EXERCISE AIM ->
The answer must be only the lines below from the one holding "Slide: The Image" down to the one holding "A demonstrator holding", ends included, printed exactly; please omit all pictures.

GIVEN RECORDS ->
━━━━━━━━━━━━━━━━
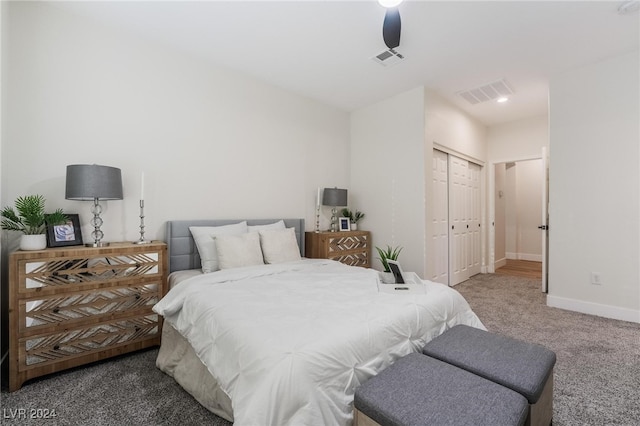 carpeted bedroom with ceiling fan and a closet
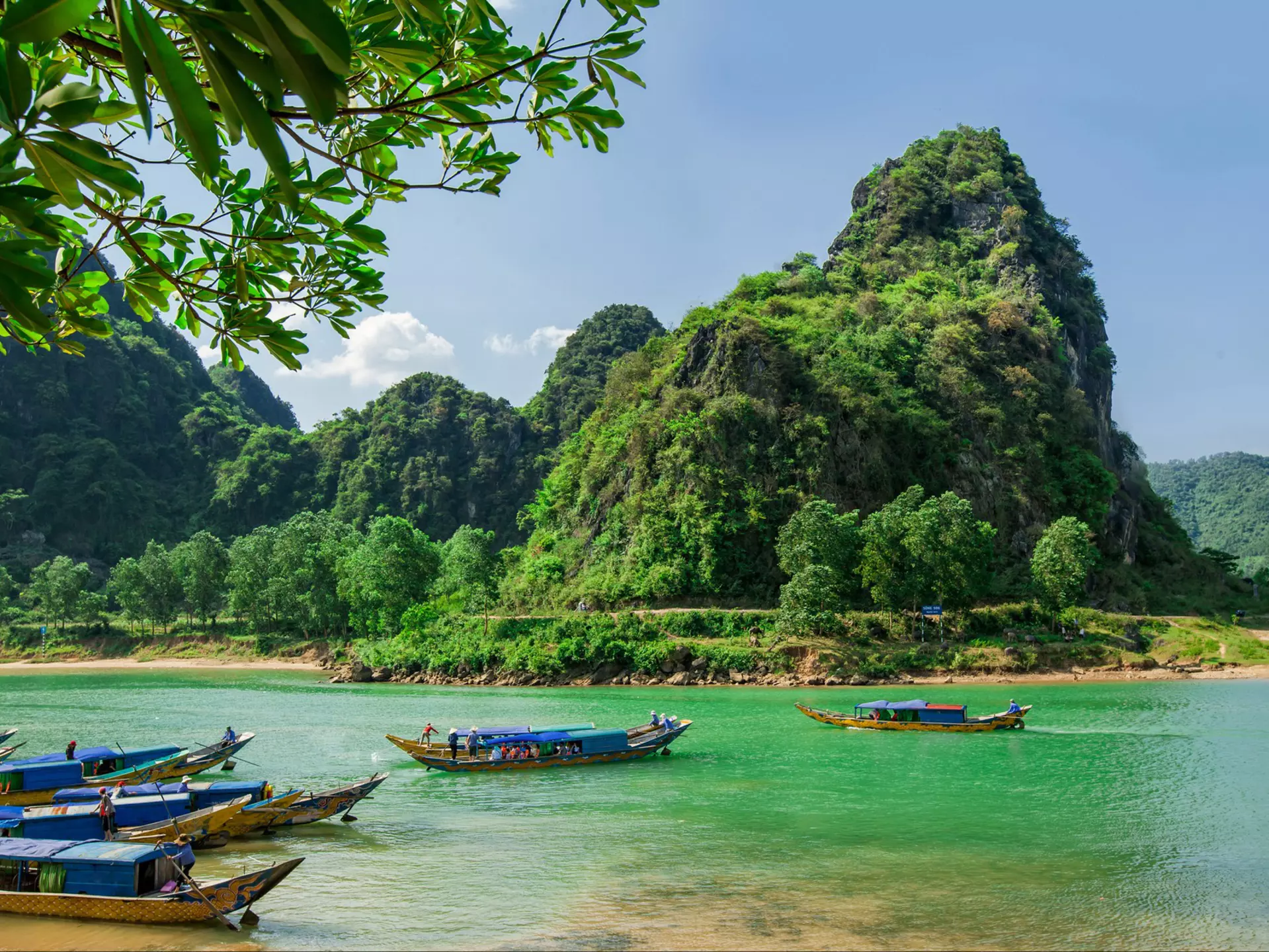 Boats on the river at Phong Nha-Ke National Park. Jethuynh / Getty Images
━━━━━━━━━━━━━━━━
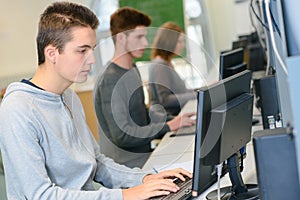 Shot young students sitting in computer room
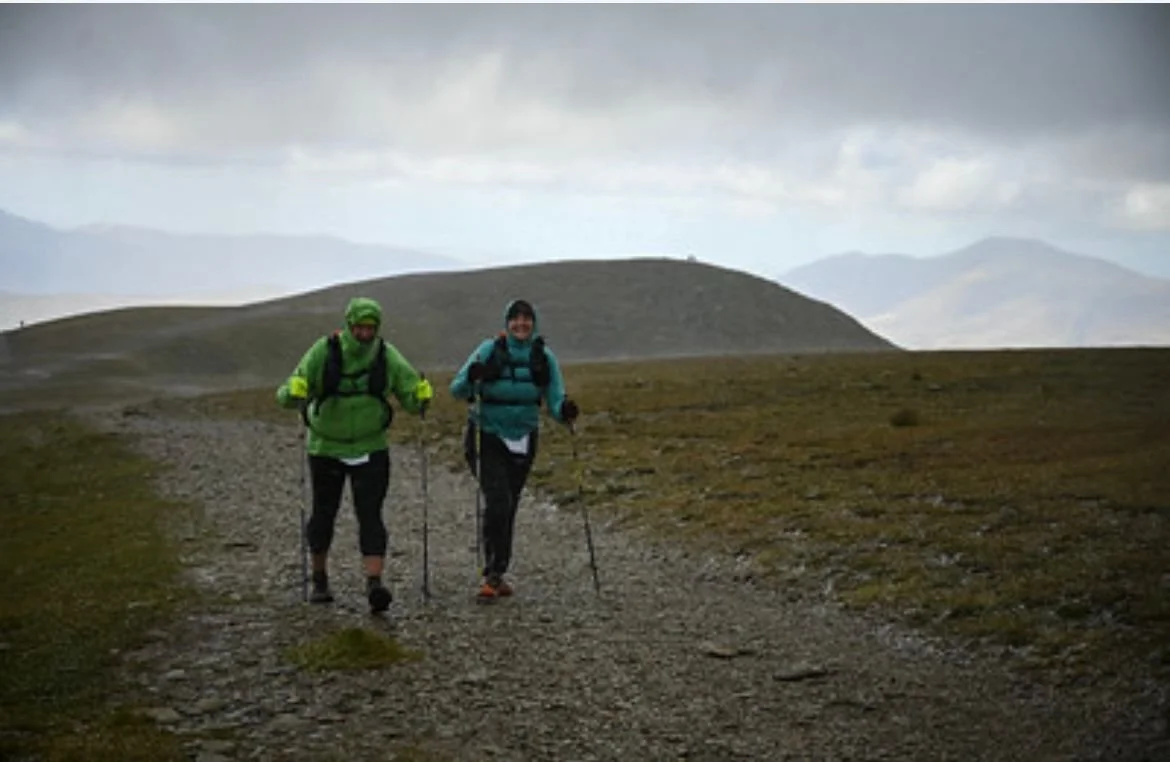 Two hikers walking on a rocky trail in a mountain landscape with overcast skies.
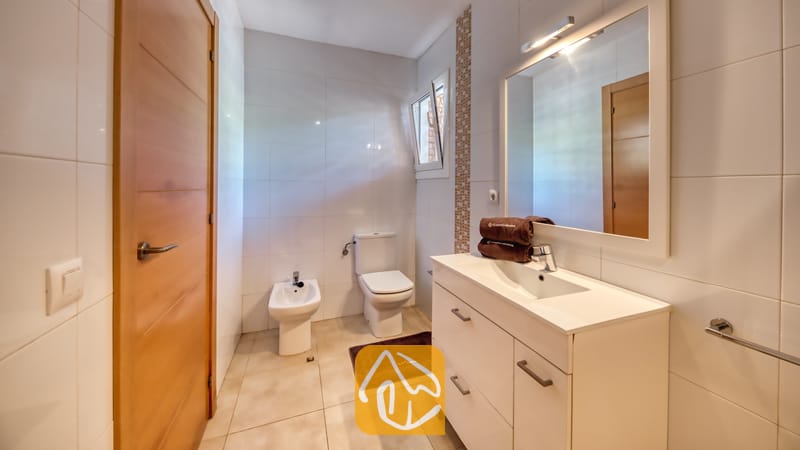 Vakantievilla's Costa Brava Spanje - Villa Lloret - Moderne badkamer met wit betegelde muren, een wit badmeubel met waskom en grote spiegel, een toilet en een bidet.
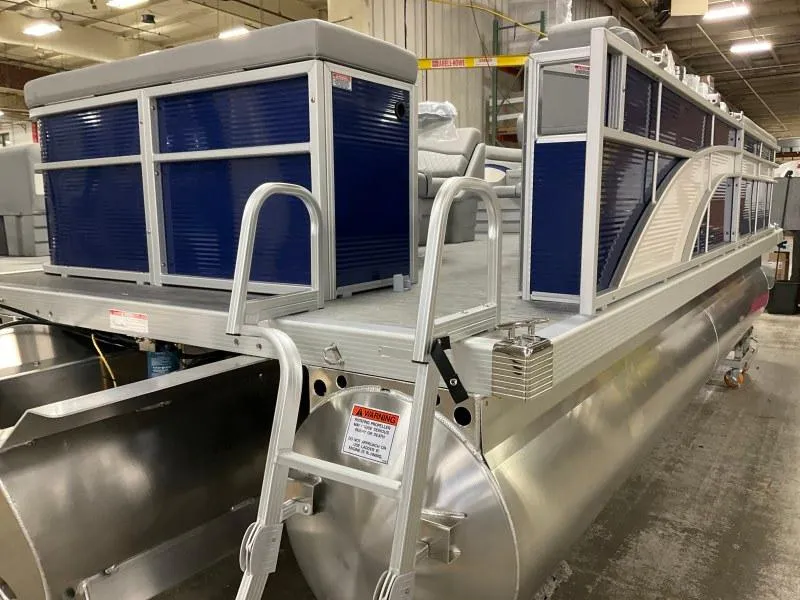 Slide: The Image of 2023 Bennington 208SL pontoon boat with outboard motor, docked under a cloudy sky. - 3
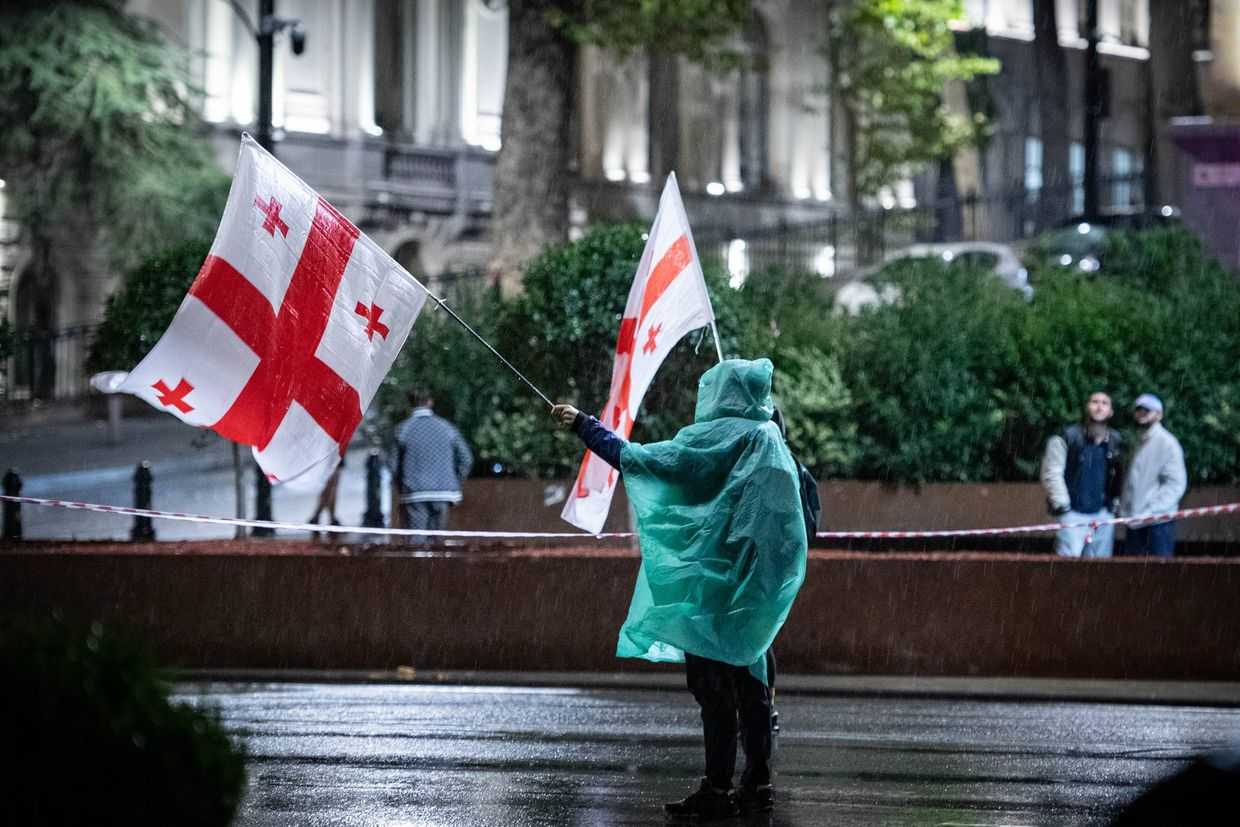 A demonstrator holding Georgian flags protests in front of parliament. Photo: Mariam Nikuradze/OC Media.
━━━━━━━━━━━━━━━━
REPLY TO THE TASK ->
 Slide: The Image of 2023 Bennington 208SL pontoon boat with outboard motor, docked under a cloudy sky. - 3
 A demonstrator holding Georgian flags protests in front of parliament. Photo: Mariam Nikuradze/OC Media.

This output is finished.